Data for this task ->
*** Block opens ***

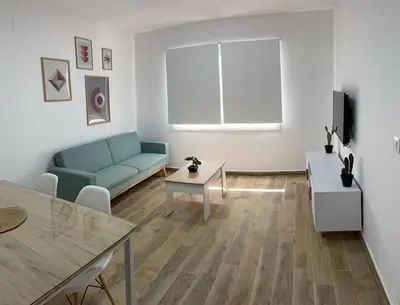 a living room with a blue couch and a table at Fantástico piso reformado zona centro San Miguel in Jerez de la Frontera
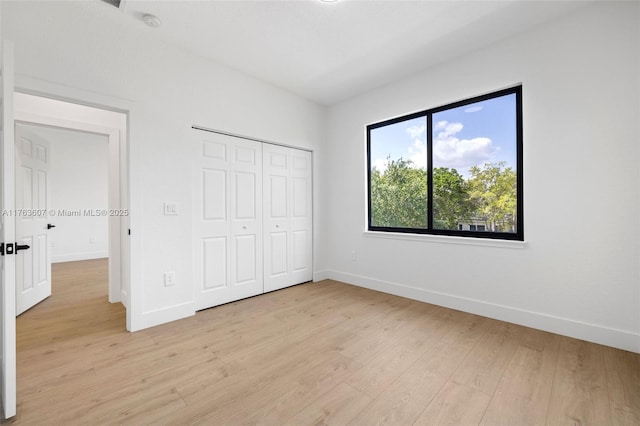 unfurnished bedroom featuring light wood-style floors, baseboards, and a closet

*** Block closes ***
*** Block opens ***

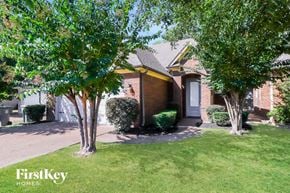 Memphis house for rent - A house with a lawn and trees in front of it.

*** Block closes ***

Directions for this task ->
For the entries above, print exactly the lines between the one with "a living room" and the one with "unfurnished bedroom featuring", inclusive, with no pictures.

Output for this task ->
 a living room with a blue couch and a table at Fantástico piso reformado zona centro San Miguel in Jerez de la Frontera
 unfurnished bedroom featuring light wood-style floors, baseboards, and a closet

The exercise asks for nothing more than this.